There are two big problems that we're encountering, and which this report will have to, as the NDIA, implement and address. One is that people with disability feel that the NDIS will be less generous, so if you don't spend all your money in the 12 months or the period of the plan then what you haven't spent you lose. They're worried there will be a contraction. They're worried the red tape and the delays that this report is trying to address will then become used as an excuse to decrease people's choice and control, to decrease the funding which is there. They're also worried, of course, about where the workforce for SIL is going to come from in the future.
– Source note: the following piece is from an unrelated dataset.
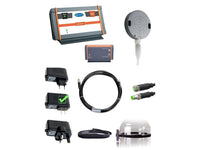 S.C.A.T Disc Sensor Set, T1, USA, Full State - MSE Supplies LLC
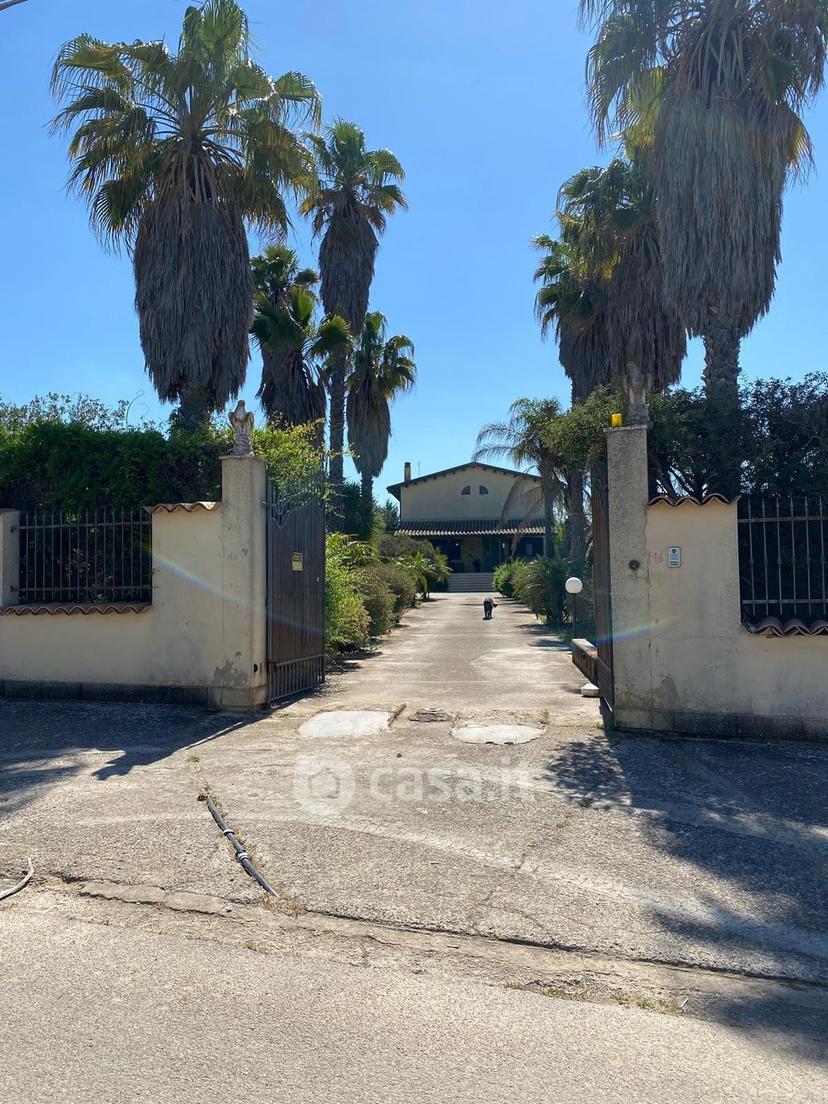 Villa in Contrada Apa Vituso — foto 20 di 34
But, having acknowledged all of that, this is a good report. The Joint Standing Committee on the National Disability Insurance Scheme proves that the parliament can work when people work together. We urge the government to expedite the recommendations in this report and to take that broader approach. They've said the right things about NDIS not being cut back, but we saw $4.6 billion taken from the NDIS in 2018-19 budget. There is an anxiety out there that, despite all this keyhole surgery we're doing through these reports, there will be elements in the government, in the executive as opposed to the parliamentarians, that will just simply wind it all back. That's why I think this report is another useful contribution. But we don't just need keyhole surgery; we also need to embrace the philosophy of the NDIS of choice and control.
Sharon Claydon (Newcastle, Australian Labor Party) Share this | Link to this | Hansard source
Does the member for Menzies wish to move a motion in connection with the report to enable it to be debated on a future occasion?
6:12 pm
Kevin Andrews (Menzies, Liberal Party) Share this | Link to this | Hansard source
I move:
That the House take note of the report.
Sharon Claydon (Newcastle, Australian Labor Party) Share this | Link to this | Hansard source
The debate is adjourned. The resumption of the debate will be made an order of the day for the next sitting.